El fantasma de la ópera

La frialdad de un montaje impresionante
El fantasma de la ópera se impone con su partitura sublime y su puesta, pero flaquea en la interpretación
Quien haya visto alguna vez El fantasma de la ópera en Broadway o en Londres vivirá seguramente un recuerdo difícil de olvidar. Andrew Lloyd Webber logró su gran obra maestra con esta partitura que, sin dudas, resistirá por siglos como un clásico de una belleza inconmensurable. Su música es tan compleja y exquisita como teatral, sensible y pasional. Lo mismo ocurre con las letras escritas por Hart y Stilgoe, con la parafernalia escénica que ideó Maria Björnson y la exacta puesta en escena de Harold Prince.

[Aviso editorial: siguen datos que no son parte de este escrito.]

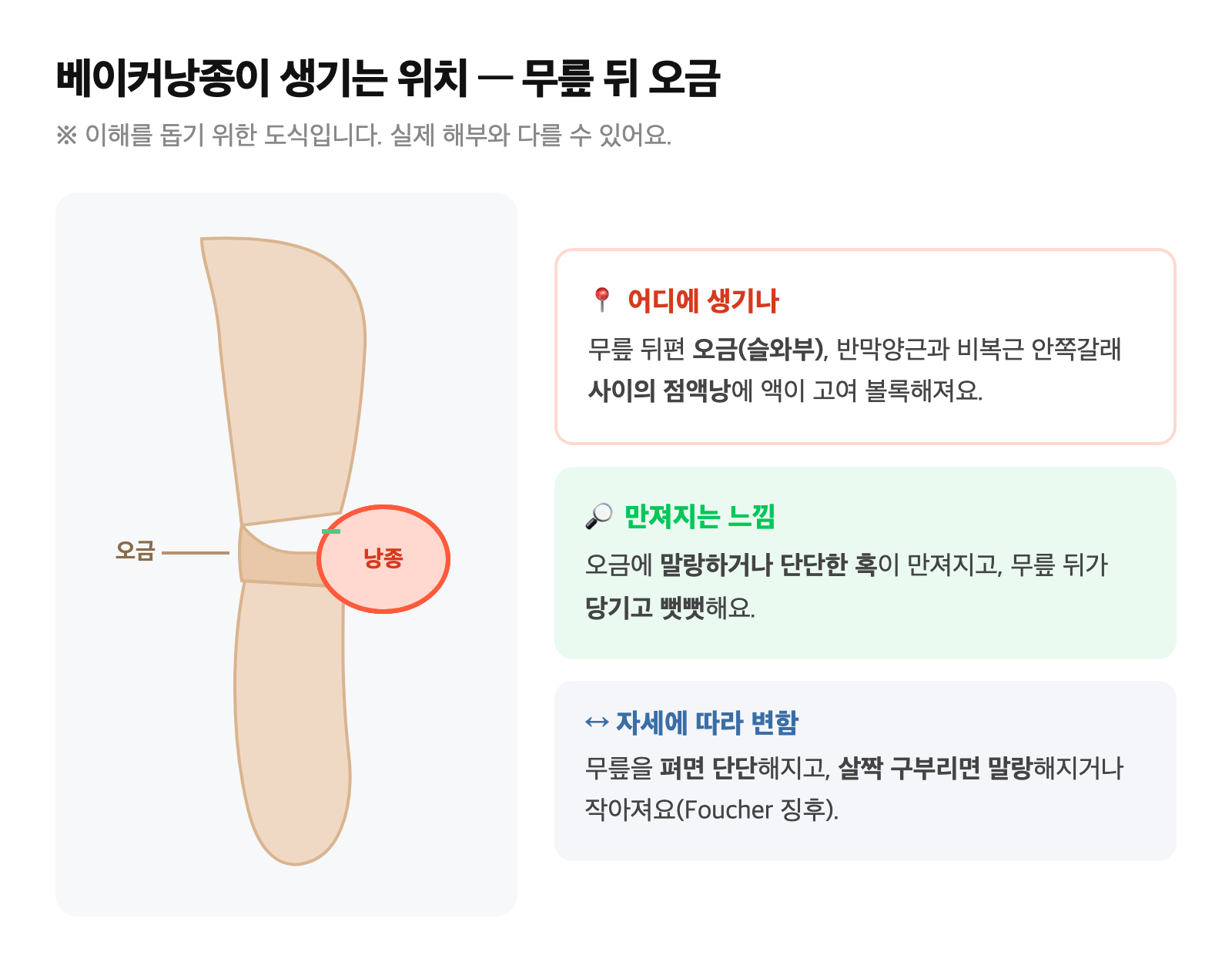 무릎 뒤 오금에 생긴 베이커낭종의 위치를 보여주는 모식도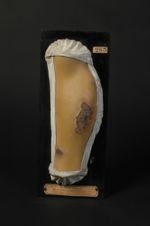 Lésions de cause artificielle. Femme âgée de 22 ans, cuisinière (Inv. 1922). Lésions trophiques. Bul [...]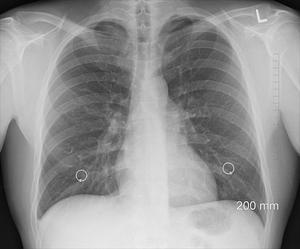 Brug CBD olier lungebetændelse, astma KOL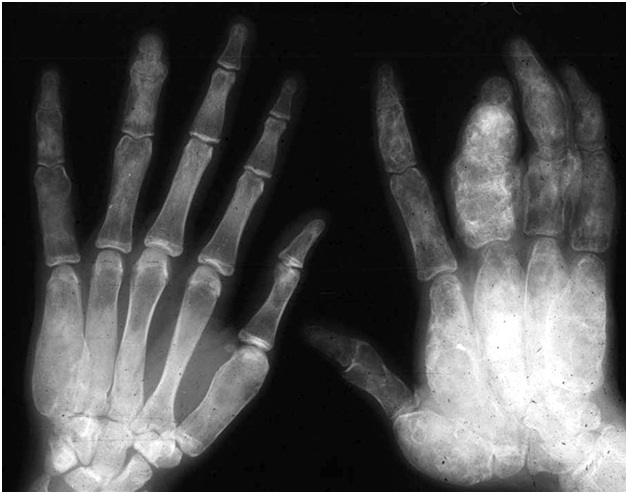 Fibrous Dysplasia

En su montaje, concebido en la semipenumbra, consigue que el espectador viva como tal lo que ocurre sobre el escenario de la Opera de París, amenazada por el Fantasma asesino; o del otro lado, en la trastienda del mundo artístico, en los camarines, y hasta en los techos o los sótanos de ese palacio teatral. Allí el siniestro personaje inspirará desde las sombras a su amada Christine y sembrará de muerte, paradójicamente, todo el camino que intenta transitar para conseguir el amor.
Es decir, un trabajo original impecable que, a su vez, debe ser observado como un clásico para que no resulte algo anacrónico. Si ese mismo montaje es trasladado a otro ámbito o ciudad que no es la original, se supone que el resultado debería ser el mismo. Si no fuera así, el problema tiene dos orígenes muy claros: la dirección (es decir, la labor de los repositores) y los intérpretes. Y lamentablemente, eso ocurre en la puesta en escena porteña. Aunque por suerte, la difícil adaptación del texto (responsabilidad de Eduardo Galán) sale bien parada, salvo por pequeños detalles.
Desde lo musical, la orquesta que armó Gerardo Gardelín es impecable y reproduce esa belleza sublime que ideó Lloyd Webber con absoluto amor (la hizo para su esposa de aquél entonces, Sarah Brigthman). Pero aunque la base, es decir la obra, sea magnífica, si el repositor no logra hacerla visualizar, ésta simplemente no sucede.